For Annihilation Event, artists, historians, scientists and theorists will converge for a series of experiments and exchanges that will undoubtedly have unexpected results.

“I want to address the misconception that science is a dry, boring activity, in fact we’re poets, we’re experimental philosophers, we’re painters, we’re artists. We use different tools: we don’t use brushes and we don’t use words, we use detectors and imagery but we’re also sensitive to the aesthetic component.”

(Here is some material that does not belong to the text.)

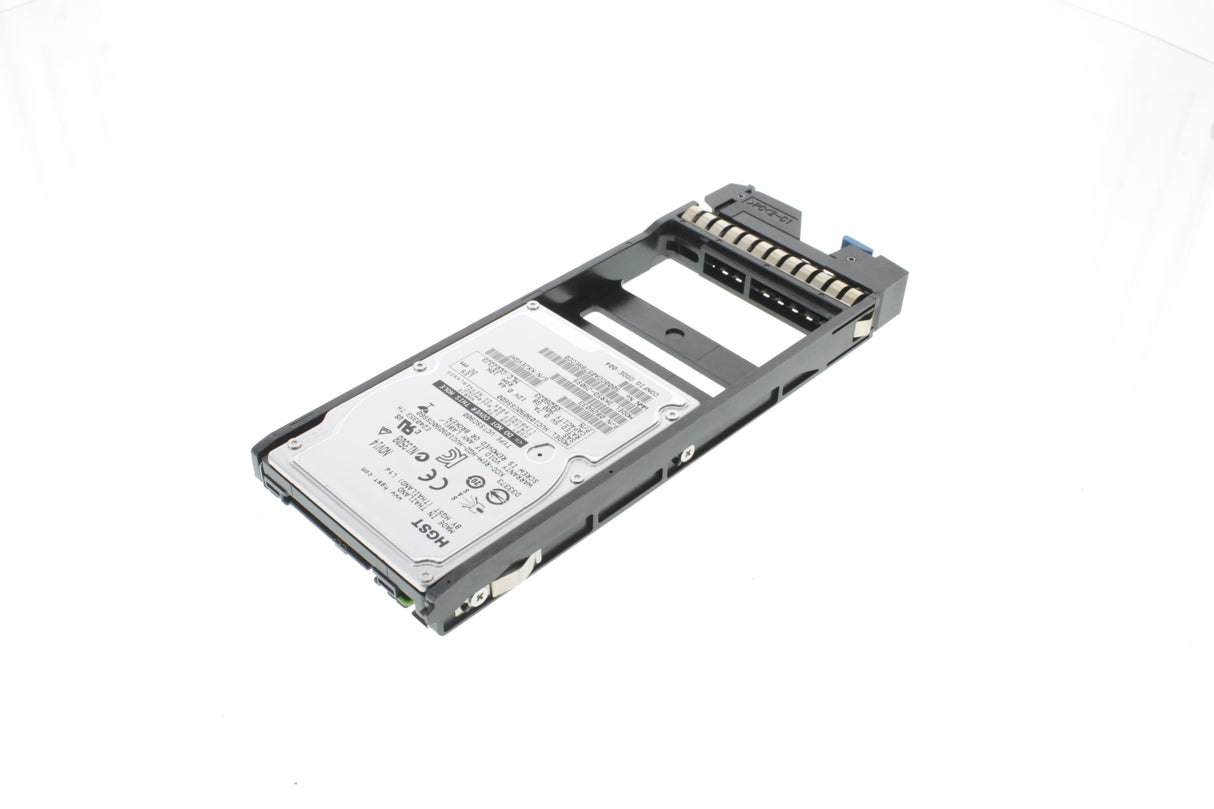 HDS 5552787-A Disk 900GB 10K SAS SFF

In the spirit of crossing disciplinary boundaries, the title of the exhibition comes from a scientific term. The annihilation process is at the heart of Doser’s research: “In our case, ‘annihilation event’ has a very specific meaning and it applies to the meeting of anti-matter and matter. The annihilation means that both disappear in this interaction. But, because disappearance is impossible, they actually transform into energy which can then re-transform into something new – new particles and anti-particles… This annihilation is so energetic it blows apart the nucleus.”

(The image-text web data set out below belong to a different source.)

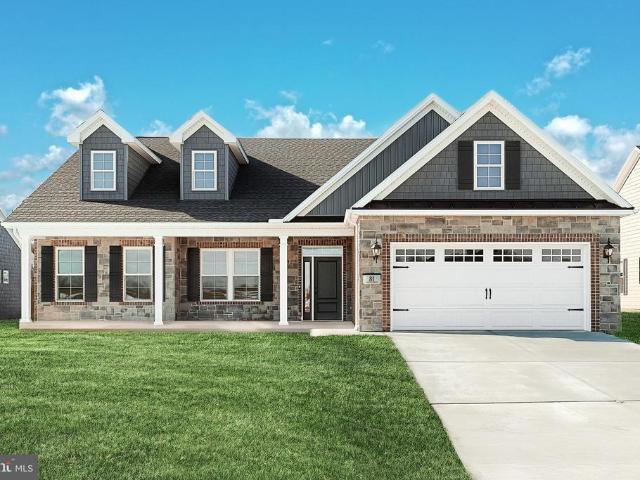 House for sale in Littlestown, Pennsylvania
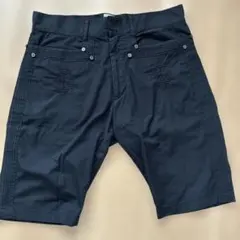 Corefighter 黒ショートパンツのサムネイル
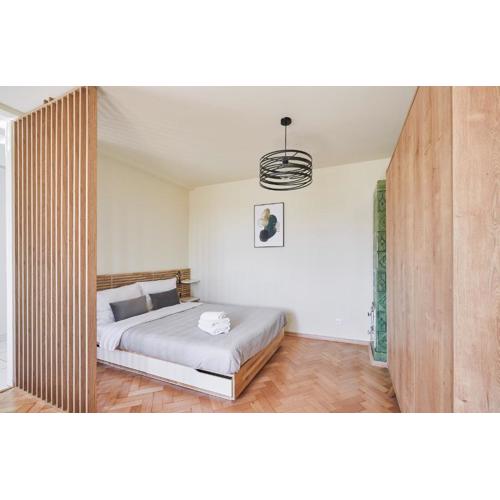 Słowackiego Avenue Cozy Stay Studio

This process can be captured in a grainy image of fragments, a rather modest representation of something so profound. “It’s the most violent process that you can imagine,” he explains, “there’s nothing more violent than the annihilation of anti-matter and matter. In a nuclear bomb you’re only transforming a small fraction of the mass into energy and yet those are pretty violent. But this is a thousand times more so.”

The annihilation event goes back to the origins of the universe. In fact, Doser says, it is part of the mystery at the heart of the Big Bang: “There was an annihilation event right after the formation event. What we don’t understand at all is why it didn’t remove everything, it should have destroyed everything again. But in fact, it was lopsided and we ended up having only matter in the universe, so we owe our existence to an imperfection.”

Engaging with destruction and creation as well as the constructive nature of failure, the process is the perfect metaphor for an arts practice:

“Failure is an extremely important point. Without that failure in that symmetry, the breaking in that mirror, we wouldn’t be here, but it’s also a very important aspect in the work that we do because like artists, scientists spend their time failing. Failing to get the measurement, failing to discover something, failing to challenge the status quo, failing to have a good idea. There are many similarities in the communities. I’m trying to bridge this.”

Through decades of connection between the two spheres, how does arts practice impact on Doser’s own work? “Well, that’s the hardest question to answer. I can’t say whether it has been beneficial or distracting! My tendency is to say that it has been beneficial because I have been watching how artists work, allowing random connections to happen and then sometimes pursue them. That’s one of the things I’ve learned – to let myself be caught up in the beauty of meandering.”

Michael Doser will be talking at Annihilation Event, Lethaby Gallery, 1-2pm 24 March.